On ne peut pas se passer de la réserve Gendarmerie

ladepeche06112016 La réserve opérationnelle est devenue indispensable au bon fonctionnement des unités de gendarmerie du Gers, souligne le colonel Olivier Detcheberry. Le commandant de groupement espère recruter encore une centaine de civils. C'est jour de marché à Lectoure. Un vendredi synonyme de grande affluence... et qui peut aussi attirer pickpockets, voleurs à la roulotte ou même des cambrioleurs qui n'hésitent pas, on le sait, à passer à l'action en plein jour. La communauté de brigades de Fleurance met régulièrement des patrouilles sur le terrain. Des missions de prévention et de protection auxquelles des réservistes sont souvent associés. «La réserve opérationnelle est quelque chose qui est devenu indispensable pour le fonctionnement des unités de gendarmerie», reconnaît le lieutenant-colonel Olivier Detcheberry. Pour étayer son propos, le commandant du groupement met ces deux chiffres en perspective : «Dans le Gers, j'ai 340 gendarmes actifs et 130 personnels de la réserve». Qui sont-ils ? «Des personnels civils qui font une démarche pour devenir réserviste. On les choisit et on les forme. On recrute aussi d'anciens militaires des armées de Terre, Air ou Mer ainsi que des gendarmes retraités. En servant sous la réserve opérationnelle, ils conservent leur grade.»  
Parce qu'ils «ne sont pas tous disponibles au même moment et que je n'ai pas de quotas s'agissant de la réserve opérationnelle, je peux en recruter 100 de plus.»

On leur fait confiance

Aujourd'hui, le renfort de la réserve opérationnelle pèse entre 200 et 250 journées par mois. «Les réservistes de la gendarmerie ont des prérogatives d'agent de police judiciaire adjoint. Ils peuvent constater des infractions sous l'autorité d'un OPJ», rappelle le colonel Detcheberry. Voilà pourquoi, chaque jour dans le Gers, on peut croiser de 6 à 10 militaires réservistes sur une opération de sécurité routière, sur des missions d'ordre public ou de prévention des atteintes aux biens. L'officier cite en exemple le dispositif mis en place au mois d'août pour le festival de Marciac. «Une dizaine de réservistes ont effectué un travail remarquable, aux côtés des militaires de l'opération Sentinelle et des personnels actifs de la gendarmerie.» Pour preuve de la confiance accordée par la hiérarchie de la gendarmerie à ses réservistes, le colonel cite la cellule technique d'aide à la sécurisation des établissements scolaires. «Elle est constituée de 12 membres, tous réservistes, et est dirigée par un ancien officier de l'escadron parachutiste, une unité jumelée au GIGN.» Les réservistes travaillent sous contrat... mais sans trop de contraintes. «Le premier contrat est de 1 an et on peut le renouveler pour une durée de 3 ans. Le réserviste peut dénoncer son contrat quand il veut, le suspendre temporairement.» Si vous souhaitez postuler, rien de plus simple : connectez-vous sur www.minotaur.fr. Après l'attentat de Nice, le site Minot@ur a enregistré une forte hausse de visiteurs. Le recrutement de réservistes étant permanent, le colonel Detcheberry espère des jeunes, notamment. «On leur offre la possibilité de vivre une expérience humaine et professionnelle valorisante, d'être utiles et de rendre service.»

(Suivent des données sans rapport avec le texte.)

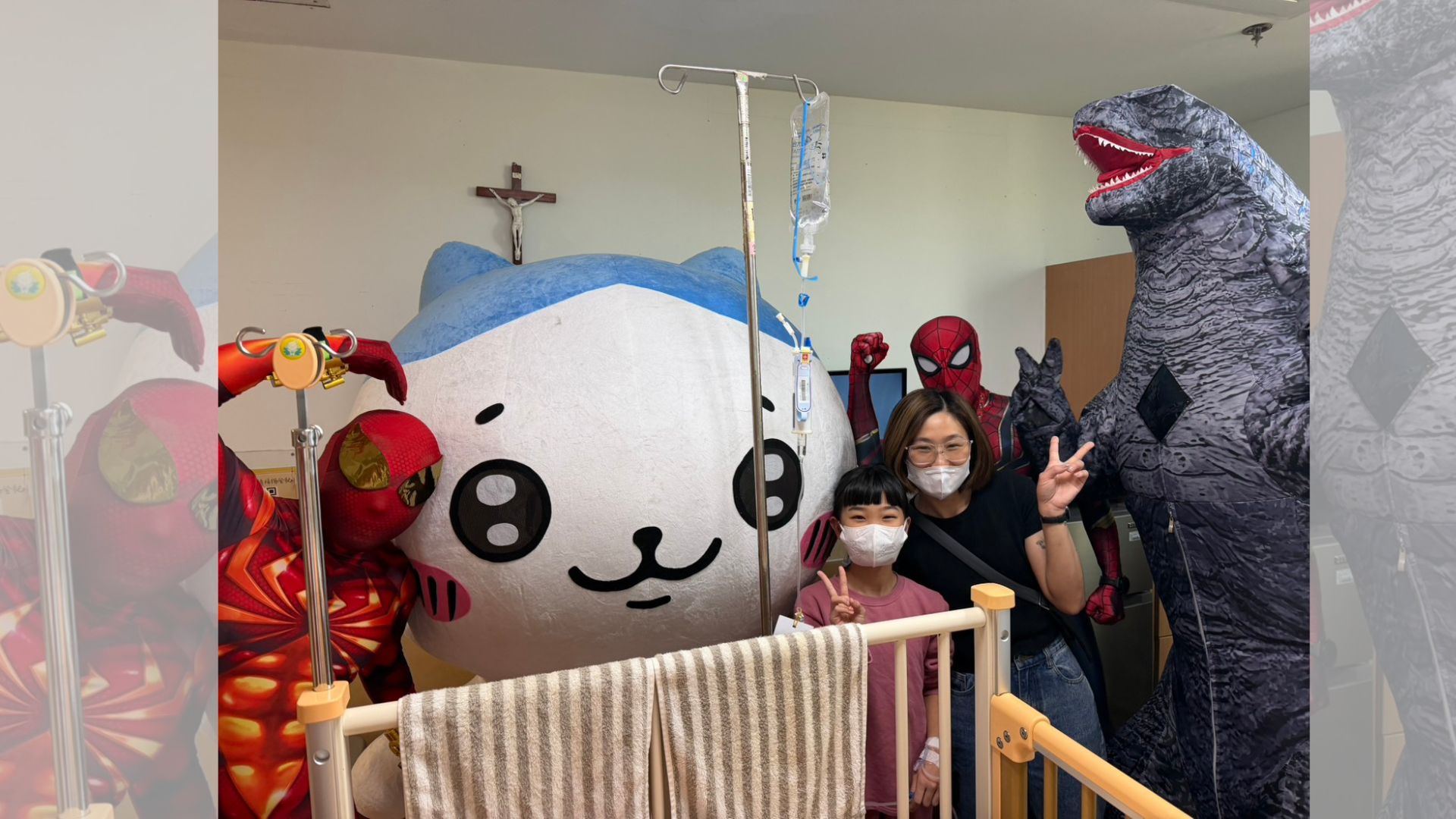 哥吉拉驚喜現身耕莘醫院　星際義工隊暖心探訪病童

Les conditions pour postuler

Pour faire partie de la réserve opérationnelle de la gendarmerie, il faut remplir quelques conditions : - être de nationalité française - avoir au moins 17 ans - avoir satisfait à l'obligation du service national (avoir participé à la JAPD, la journée d'appel de préparation à la Défense devenue la JDC, la journée Défense Citoyenneté) - avoir une bonne aptitude physique - être apte moralement et psychologiquement (le postulant passe des tests psycho-techniques) - avoir un casier judiciaire vierge - être détenteur du diplôme de gendarme adjoint de réserve qui s'obtient à l'issue de la formation. La formation Il existe deux modules de formation : la PMG (préparation militaire gendarmerie) dure 15 jours et il n'y a pas de diplôme exigé pour la suivre; la PMSG (préparation militaire supérieure gendarmerie) se déroule pendant 25 jours, à l'école nationale des officiers de Melun, le bac est requis. La rémunération Elle varie en fonction du grade. Un réserviste militaire du rang perçoit 53€ par jour... et jusqu'à 107€ par jour pour un major. Pour les officiers, cela va de 68€/jour pour un aspirant à 183€/jour pour un colonel. Les indemnités de déplacement et de repas s'ajoutent au salaire. Un réserviste de la gendarmerie peut travailler 60 jours par an au maximum... une durée qui peut être prolongée exceptionnellement jusqu'à 90 jours, par exemple en cas d'état d'urgence.